Майда обменялась с Надей быстрым тревожным взглядом. Но Надя, высоко держа голову с рассыпавшимися по спине огненными волосами, отвечала вождю с той же гордостью, с какой шла когда-то, подобно Жанне д'Арк, на костер:
— Очень просто, мудрый вождь племени бурундцев. Любая женщина вашего племени может убедиться, что я не могла родить ребенка, ибо не стала еще женщиной.
— Я подтверждаю это! — удивив Надю, вмешалась Майда.
Урун-Бурун расхохотался, и вся растительность на его лице встала дыбом.
— Ну не думал я, что вы, предки, такие жалкие хвастуны! Так кичились своя порочная цивилизация, а ты, презренный, не смог даже стать мужчина! Или он не выдержать и опровергать лгунью? Что ты сказать, получеловек? — с издевкой обратился к Никите вождь.
Тот весь побагровел, но сдержался и ответил спокойно:
— Скажу, что жена моя, произнеся чистую правду, не досказала лишь того, что в космическом полете нельзя иметь детей.
— Не лги, пришелец! Если бы вы не иметь в полете детей, с вами не оказаться бы там этот выродок, которого вы называть сыном. — Мы усыновили его.
— Но твоя жена, которая якобы не могла быть матерью, называла тебя его отцом.
— Называла.
— Так кому же ты помогать стать его матерью?
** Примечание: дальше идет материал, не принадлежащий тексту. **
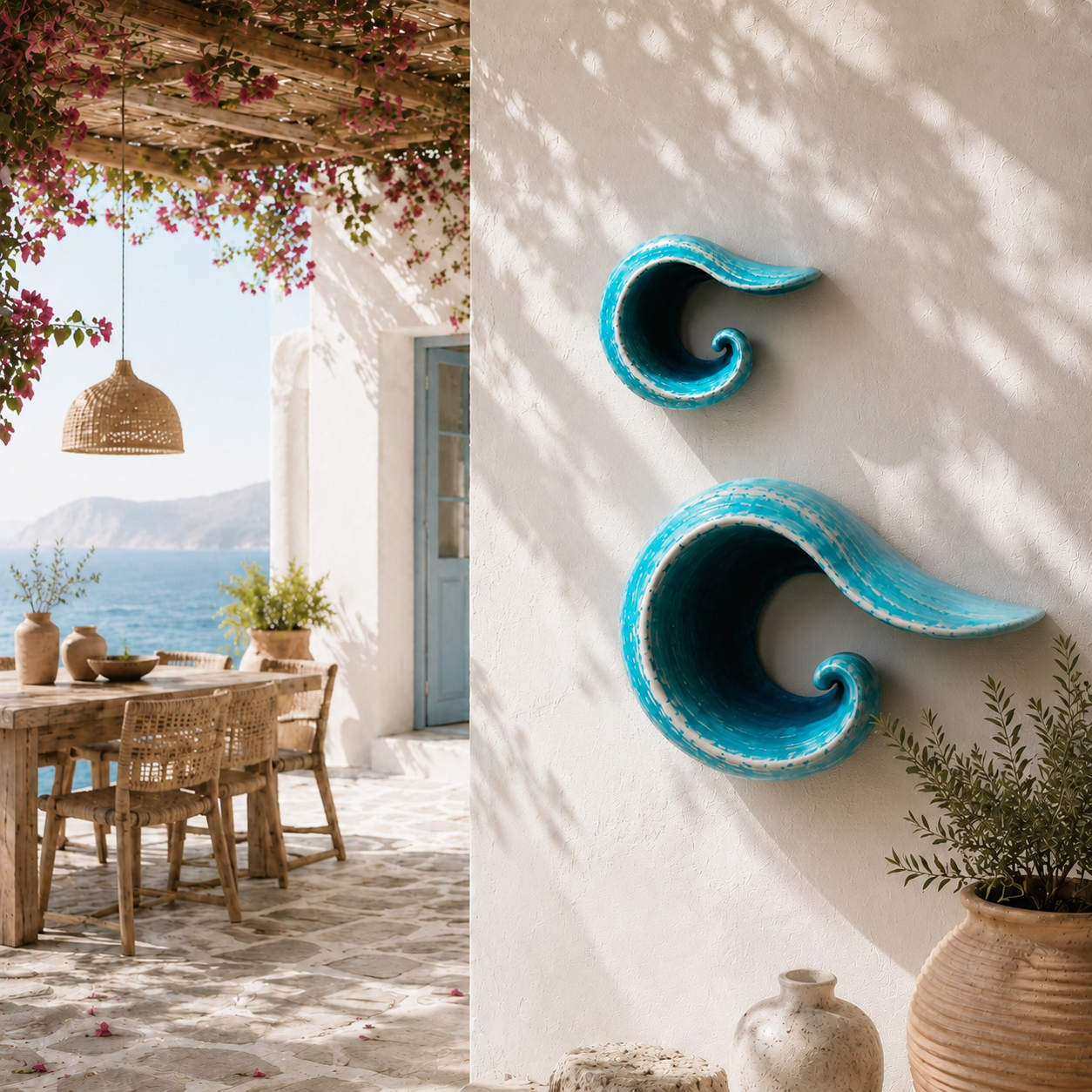 Sculptural Ocean Wave Floating Shelf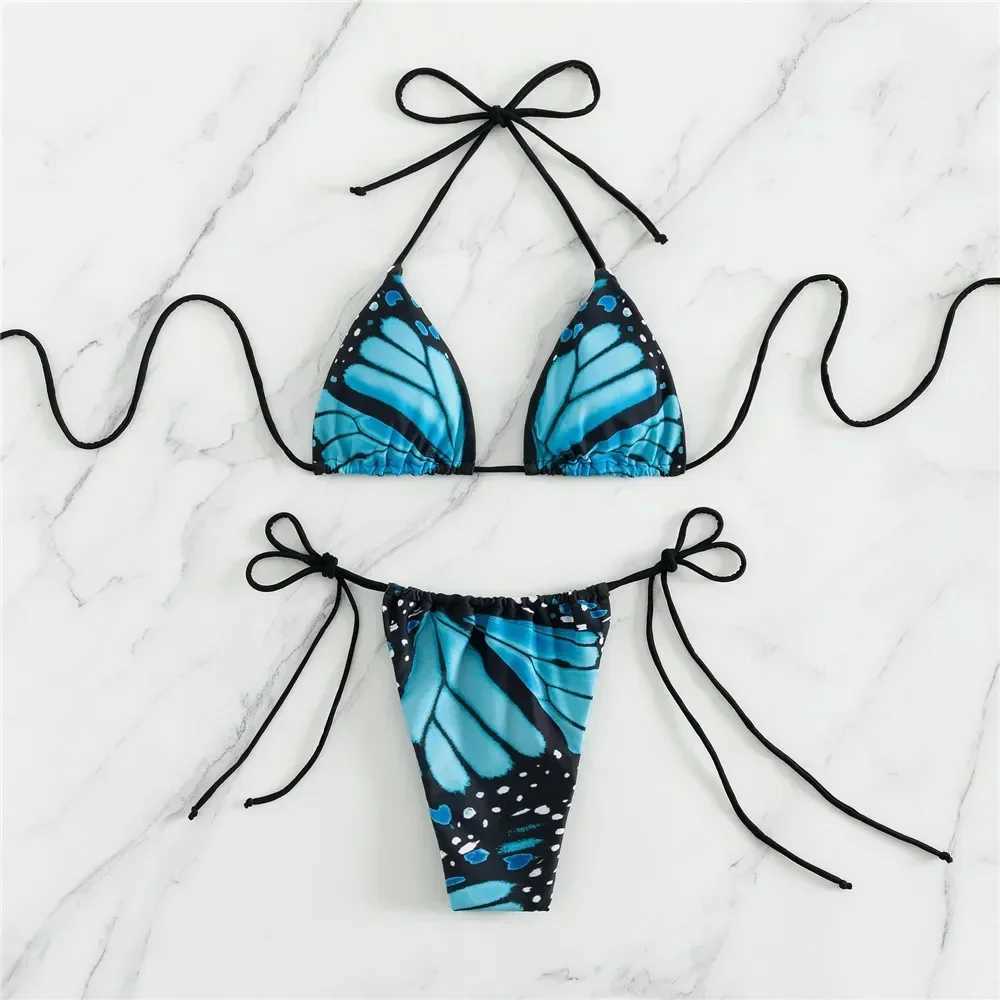 Sexy Butterfly Print Swimwear String Bikinis Set Micro Extremo Mini Thong Swimsuit Women Bathing Suit Triangle Bikini 2024 jerXJ250120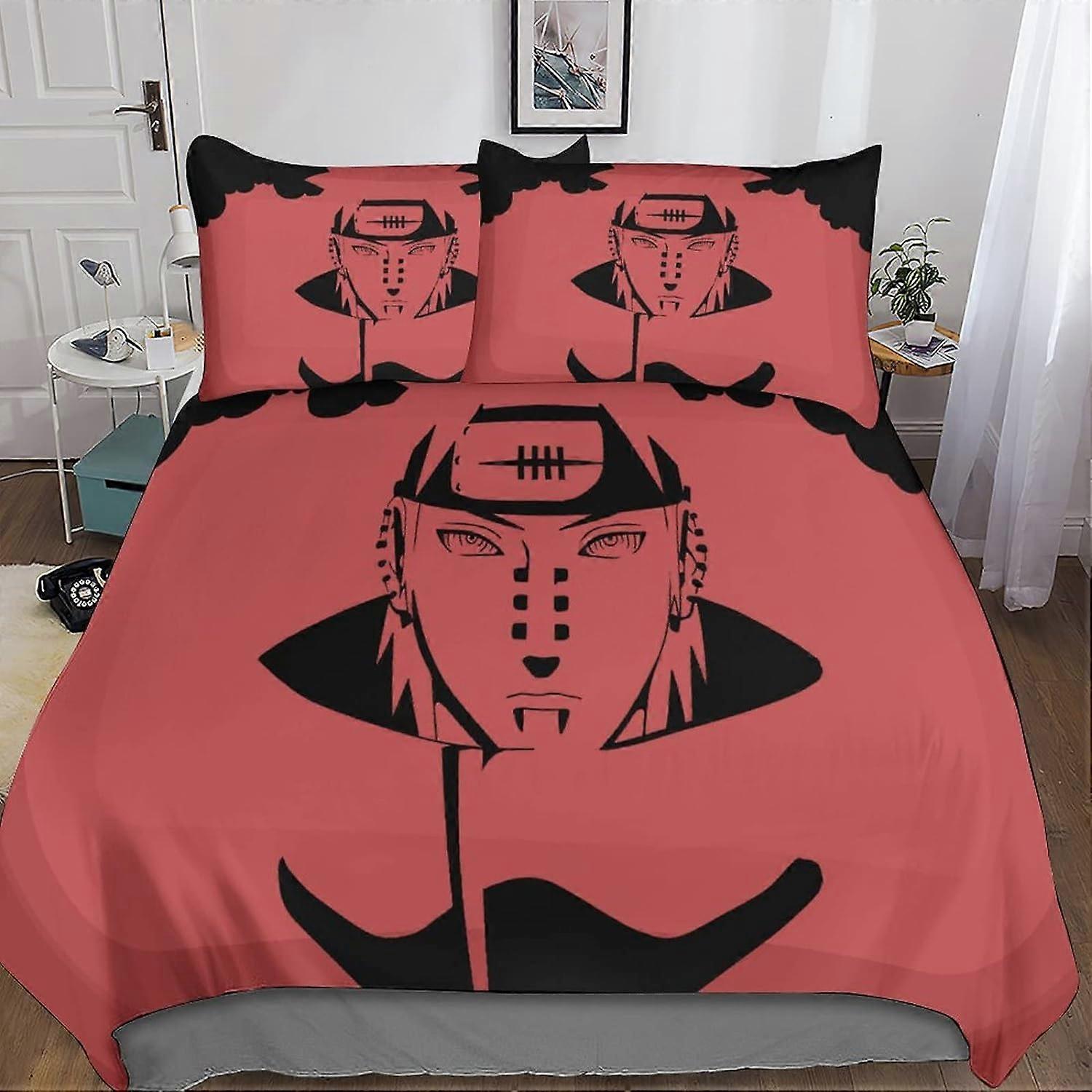 Naruto Set Biancheria Da Letto Con Copripiumino In Microfibra + Federe Anime Stampati In 3D Set Copripiumino con Chiusura A Cerniera 3 Pz Doppio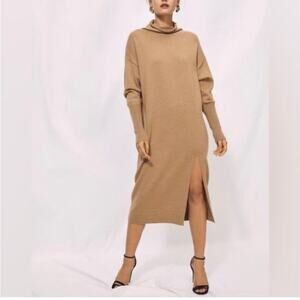 Aritzia Wilfred Cyprie Mock Neck Midi Sweater Dress Camel Merino Wool Chalet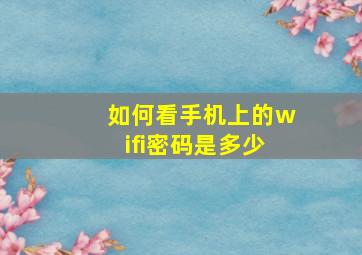 如何看手机上的wifi密码是多少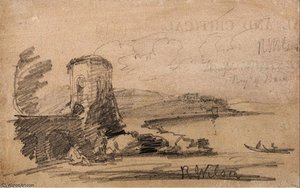 Bridge And Tower, After Richard Wilson — John Sell Cotman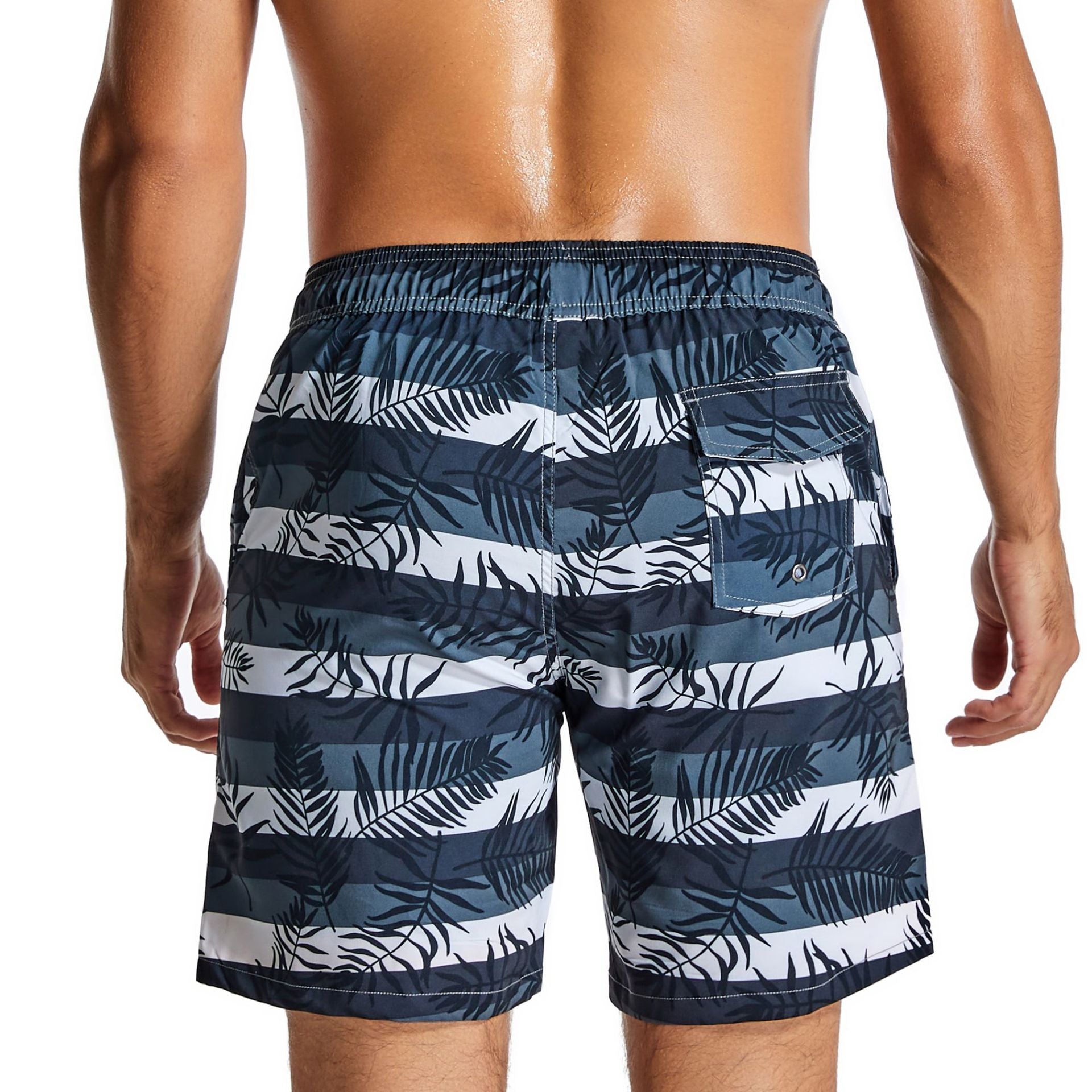 Men's Swim Trunks with Compression Liner Quick Dry 7" Inseam Swimsuit Swimwear - Salix Leaf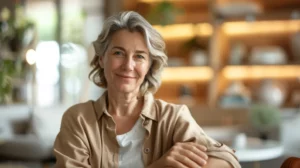 alt="Femme européenne de 50-60 ans, heureuse et apaisée, illustrant un soulagement après des douleurs au bras"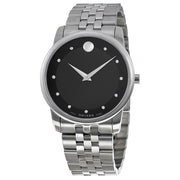 Movado Museum Silver Stainless Steel Black Dial Quartz Watch for Gents - 606878 606878 - Image 1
Признаться, была ли она красивой или безобразной?
— Я всегда вместе с другими восхищался неповторимой ее красотой! — правдиво ответил Никита.
— И разве ты не мог?.. — теперь уже со скабрезной улыбкой спросил вождь, хвастливо добавив: — Я и сам в свое время...
— Мог, но...
— Что «но»? Почему краска стыда покрыть твое бесцветное лицо?
— От возмущения, вождь, ибо не оставил я ни на Земле, ни в другом месте Вселенной потомства, как и никто из моих спутников. И нельзя их считать вашими предками.
— Все равно! Вы — заложники своего времени. Да-да! И ответите за него! Нет-нет вам! — пролаял вождь.
— Но вы убедились, мудрый вождь, что мальчик не с Земли родом? — вмешалась Надя, метнув на Никиту благодарный взгляд.
— Великий вождь уже понял все и принял справедливое решение, — уверенно заявила вдруг Майда и не терпящим возражения тоном добавила: — Надеюсь, вождь позволит Майде взять мальчика?
Урун-Бурун заколебался. Рисуясь перед всеми, характером он обладал не твердым. А тут еще краем глаза увидел лысого Жреца, заглядывающего из притвора, хотя никто его не приглашал. Желая не только удивить, но и насолить ему, показав свое могущество, вождь неожиданно позволил Майде забрать мальчика, грозно возвестив:
— Но вы оба, подлые лжецы, ответить вдвойне. — И пена выступила на его губах, застряв в бороде.
Изумленный и раздосадованный, Жрец видел, как Майда, которую он когда-то застал в Доме до неба, уводила теперь маленького «предка», который все оборачивался к оставленным папе и маме.